Duża część piłkarskiej Europy spodziewała się, że kończący się sezon będzie pieprznięty na maksa i za ciosem Leicester pójdzie Piast Gliwice pójdzie także choćby i FK Rostów. Niestety, rosyjski kopciuszek pogubił się w meczu z Mordovią pięć kolejek temu i mimo że ostatnie cztery mecze w lidze zdołał wygrać, musiał obejść się smakiem. Mistrzostwo zgarnęło mu sprzed nosa CSKA Moskwa.
Ale liczba sytuacji niespodziewanych w rosyjskiej lidze i tak się zgadza.
Z ligi zleciało bowiem Dynamo Moskwa, a jest to sprawa o tyle niecodzienna, że w historii Premier Ligi taki stan rzeczy ma miejsce dopiero pierwszy raz. Niektórzy pewnie westchną – nareszcie, bo Dynamo, delikatnie rzecz ujmując, szacunkiem całej Rosji raczej się nie cieszy. Były pupil KGB nad którym osobisty patronat roztoczył Ławrientij Beria uznawany był za klub faworyzowany przez władze, a jego upadek nikogo poza Moskwą przesadnie nie zmartwi. W historii jest też zresztą słynny “polski wątek“.

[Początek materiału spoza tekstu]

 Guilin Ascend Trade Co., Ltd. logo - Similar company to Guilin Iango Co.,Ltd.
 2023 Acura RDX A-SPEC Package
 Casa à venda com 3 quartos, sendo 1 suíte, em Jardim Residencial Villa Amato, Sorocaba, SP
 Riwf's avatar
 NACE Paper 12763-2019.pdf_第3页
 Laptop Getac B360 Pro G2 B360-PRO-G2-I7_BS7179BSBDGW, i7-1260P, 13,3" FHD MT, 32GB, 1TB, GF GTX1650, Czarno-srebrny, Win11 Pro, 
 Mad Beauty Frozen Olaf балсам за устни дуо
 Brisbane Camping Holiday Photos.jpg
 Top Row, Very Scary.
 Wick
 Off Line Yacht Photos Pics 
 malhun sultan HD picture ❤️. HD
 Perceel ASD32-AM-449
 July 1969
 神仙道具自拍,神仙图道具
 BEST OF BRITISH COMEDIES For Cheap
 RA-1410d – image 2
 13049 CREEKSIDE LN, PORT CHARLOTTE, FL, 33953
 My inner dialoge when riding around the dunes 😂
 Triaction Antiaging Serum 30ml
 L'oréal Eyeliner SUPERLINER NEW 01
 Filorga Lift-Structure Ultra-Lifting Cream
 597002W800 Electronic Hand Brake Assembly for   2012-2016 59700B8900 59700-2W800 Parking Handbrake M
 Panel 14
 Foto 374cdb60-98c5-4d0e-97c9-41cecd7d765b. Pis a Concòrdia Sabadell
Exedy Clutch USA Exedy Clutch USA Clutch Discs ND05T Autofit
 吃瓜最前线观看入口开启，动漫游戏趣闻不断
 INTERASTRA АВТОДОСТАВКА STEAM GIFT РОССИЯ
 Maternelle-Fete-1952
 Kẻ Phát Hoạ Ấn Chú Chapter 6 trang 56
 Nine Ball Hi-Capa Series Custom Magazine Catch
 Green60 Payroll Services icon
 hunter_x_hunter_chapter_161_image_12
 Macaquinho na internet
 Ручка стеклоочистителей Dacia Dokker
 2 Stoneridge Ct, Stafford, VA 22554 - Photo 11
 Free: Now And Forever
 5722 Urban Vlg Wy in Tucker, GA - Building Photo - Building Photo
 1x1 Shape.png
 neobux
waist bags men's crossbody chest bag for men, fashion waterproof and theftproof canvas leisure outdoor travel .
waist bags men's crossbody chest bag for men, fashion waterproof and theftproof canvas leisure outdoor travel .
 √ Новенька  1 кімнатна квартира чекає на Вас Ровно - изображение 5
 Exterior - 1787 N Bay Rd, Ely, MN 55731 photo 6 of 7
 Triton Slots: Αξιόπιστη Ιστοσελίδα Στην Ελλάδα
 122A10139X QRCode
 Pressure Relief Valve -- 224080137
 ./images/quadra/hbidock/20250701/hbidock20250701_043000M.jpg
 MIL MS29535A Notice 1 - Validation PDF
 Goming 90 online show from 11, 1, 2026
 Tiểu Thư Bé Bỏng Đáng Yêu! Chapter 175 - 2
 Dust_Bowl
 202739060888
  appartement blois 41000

Aż chciałoby się napisać, że czkawką na moskiewskim klubie odbiło się rozstanie z Stanisławem Czerczesowem, który… przygotowywał tę drużynę do sezonu. Odbył z nią obóz przygotowawczy, ustawił po swojemu do ligi, ale tydzień przed inauguracją musiał spakować swoje walizki. Oczywiście obwinianie Czerczesowa o spadek i dopisywanie mu go w CV byłoby kompletnym szaleństwem, ale fakt jest faktem – w jakiś sposób rękę do niego przyłożył. Bardzo nieznacznie, ale jednak.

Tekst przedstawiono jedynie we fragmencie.